There is good research on seating arrangements (how and where you arrange your desks, as opposed to who is actually sitting in those places).

Unsurprisingly, it has found that off-task behaviour is reduced if children sit in rows when working independently (I emphasise this point as it is often lost in Twitter spats on the topic) in order to make inappropriate interactions between peers more inconvenient and more readily apparent to teachers. 

Wannarka and Ruhl (2008) conclude: “There is no single classroom seating arrangement that promotes positive behavioural and academic outcomes for all tasks, because the available research clearly indicates that the nature of the task should dictate the arrangement.” 

Think of drama, PE and early years colleagues, for example - along with those of us who teach in science labs with hexagonal tables fixed to the floor because of gas and water supplies.  

Who, where and how

This research is informative, but it seems to me self-evident that who is sitting where and who they are sitting near and next to is at least as important as where those seats are - and probably more so. This is why seating plans are a good idea.

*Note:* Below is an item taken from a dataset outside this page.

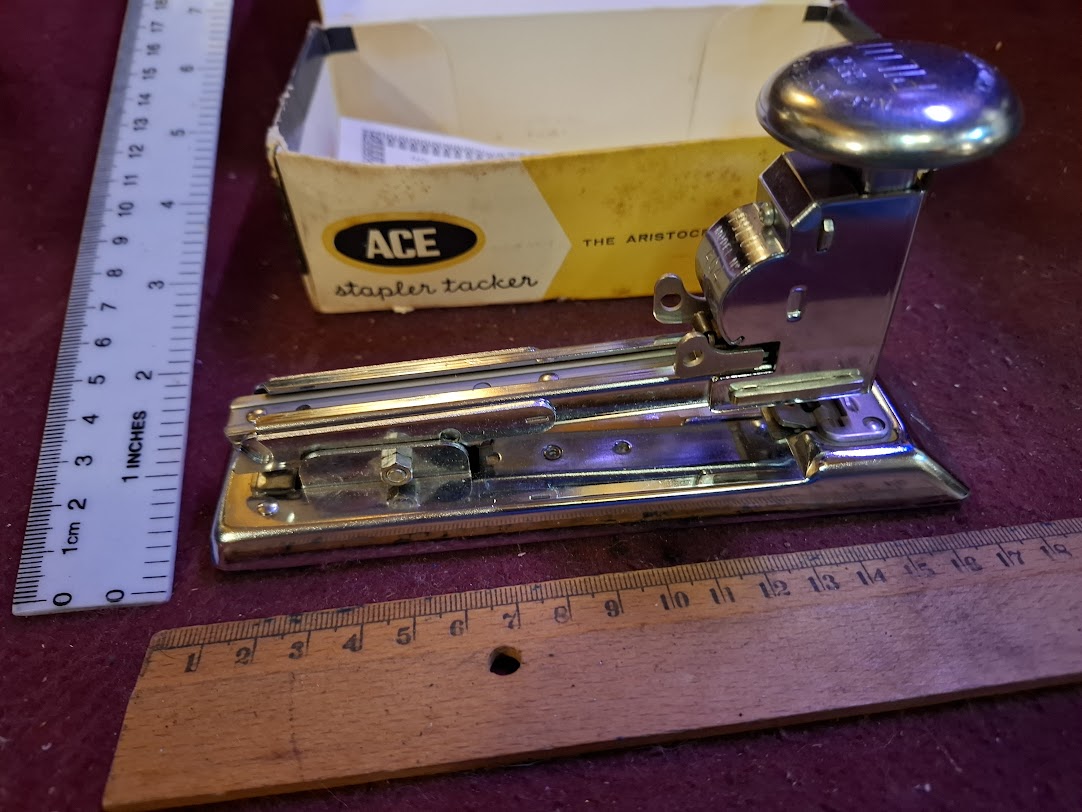 Old Paper staple stapler [TOL10326]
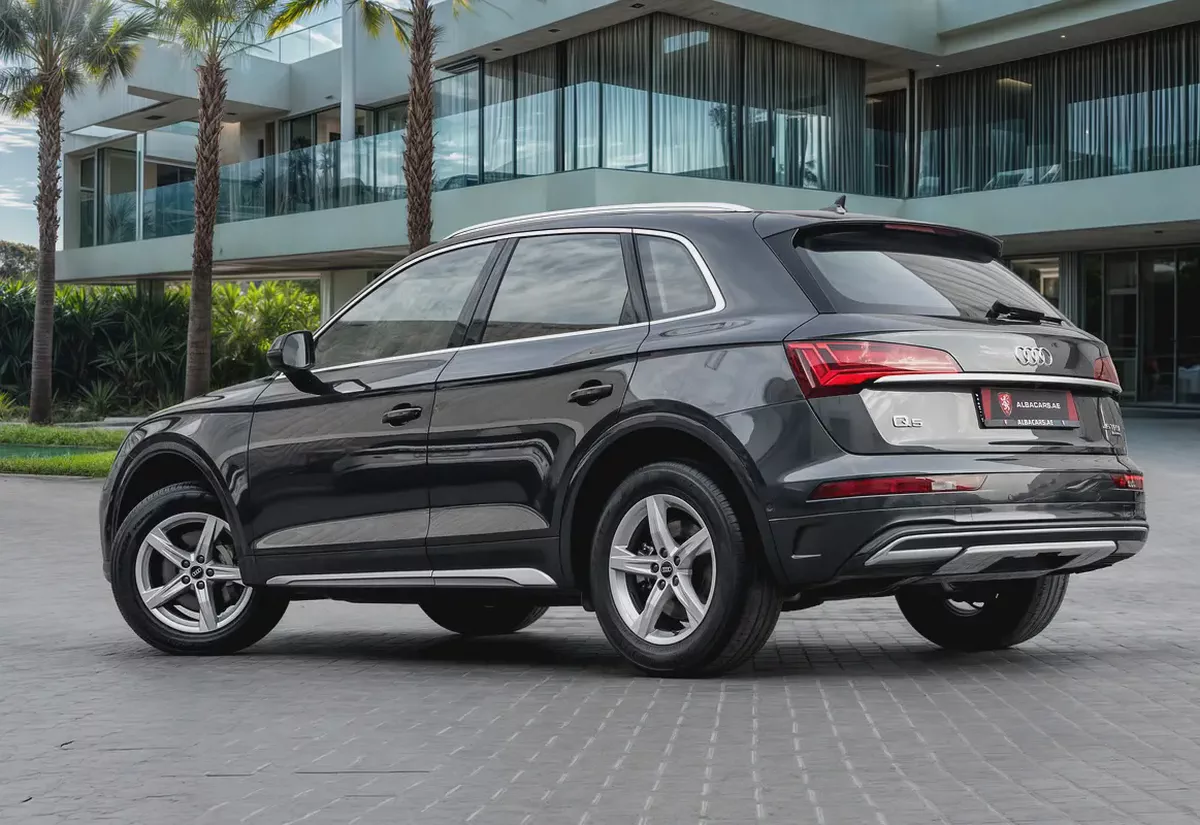 2,155 P.M |  Q5 45 TFSI Quattro | 0% Downpayment | IMMACULATE!-2-2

Schools seem to operate in one of three ways: 

  1. There is no school policy and teachers are free to decide.
  2. The school policy is that all teachers will have seating plans, but the teacher retains autonomy over the details.
  3. The school has a rule on how children will be seated. 

For the record, I prefer the middle option. The third one is rare, but two colleagues I know run schools with strict policies: in one, children sit alphabetically; and in the other, they sit alphabetically but also boy/girl. 

I suspect in both cases that there needs to be a degree of flexibility. Not just because of a likely imbalance in boys and girls, but also for children like my daughter who require specific consideration over where they sit (due to a visual impairment, in her case), or where one child has been bullying another.

Unplanned plan

So I recommend a seating plan, but I admit that, in my 19 years of teaching, this plan has sometimes been to allow children to sit where they liked. 

In each case, though, I have made it crystal clear that I always retain the right to seat people where I choose without consultation or notice. Interestingly, the older I’ve got, the less I do this, preferring to avoid the disruption or standoff that sometimes occurs when moving children. 

I have found it easier to adjust my own plans, and children tend to be more accepting than to overturn the decision of another child. There is the added benefit for secondary teachers that it can significantly speed up learning the names of all the new children you’re teaching.

Lastly, don’t forget support staff. If you’re lucky enough to have a colleague with you, where in the room they work can make a big difference.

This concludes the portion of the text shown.